Dataset entries.
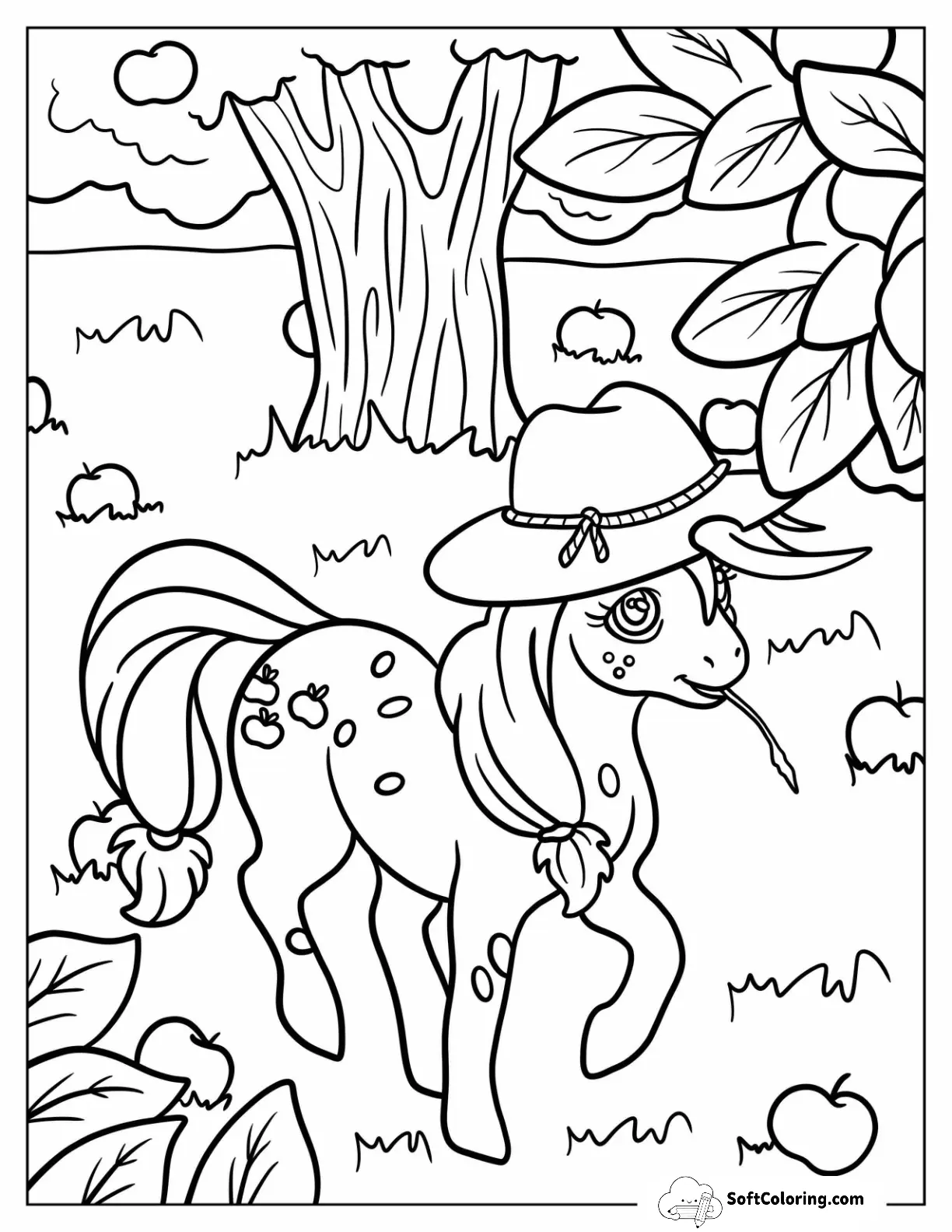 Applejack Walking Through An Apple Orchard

==

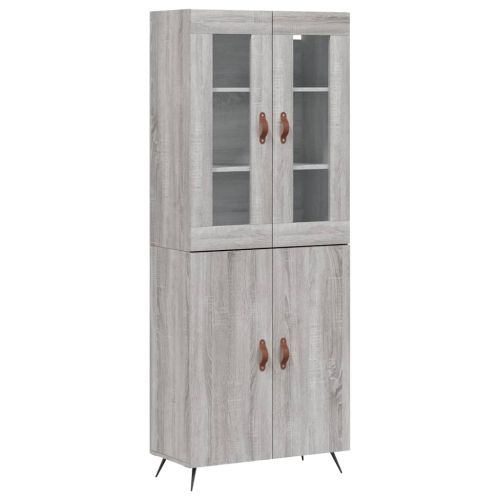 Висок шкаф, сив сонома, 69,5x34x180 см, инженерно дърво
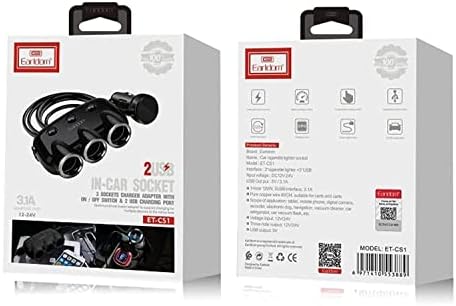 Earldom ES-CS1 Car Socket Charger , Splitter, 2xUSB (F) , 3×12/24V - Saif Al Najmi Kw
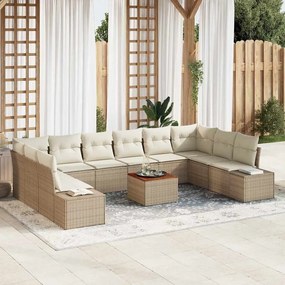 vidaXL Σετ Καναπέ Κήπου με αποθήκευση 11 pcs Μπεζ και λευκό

* * *

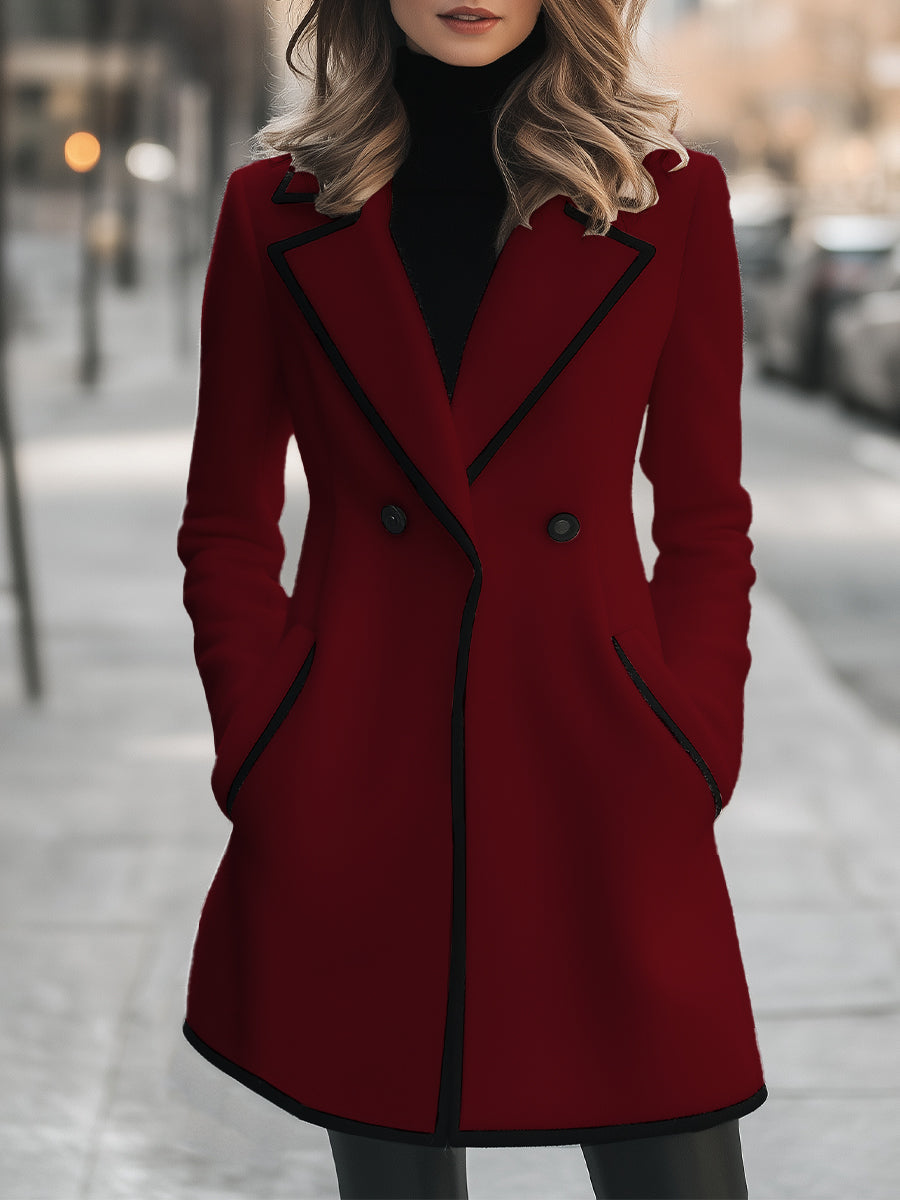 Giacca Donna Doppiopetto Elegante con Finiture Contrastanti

Task statement.
In the listing above, find the line containing "Висок шкаф, сив". Output it and every line after it up to and including the line containing "vidaXL Σετ Καναπέ", exactly, but skip the pictures.

Task answer.
 Висок шкаф, сив сонома, 69,5x34x180 см, инженерно дърво
 Earldom ES-CS1 Car Socket Charger , Splitter, 2xUSB (F) , 3×12/24V - Saif Al Najmi Kw
 vidaXL Σετ Καναπέ Κήπου με αποθήκευση 11 pcs Μπεζ και λευκό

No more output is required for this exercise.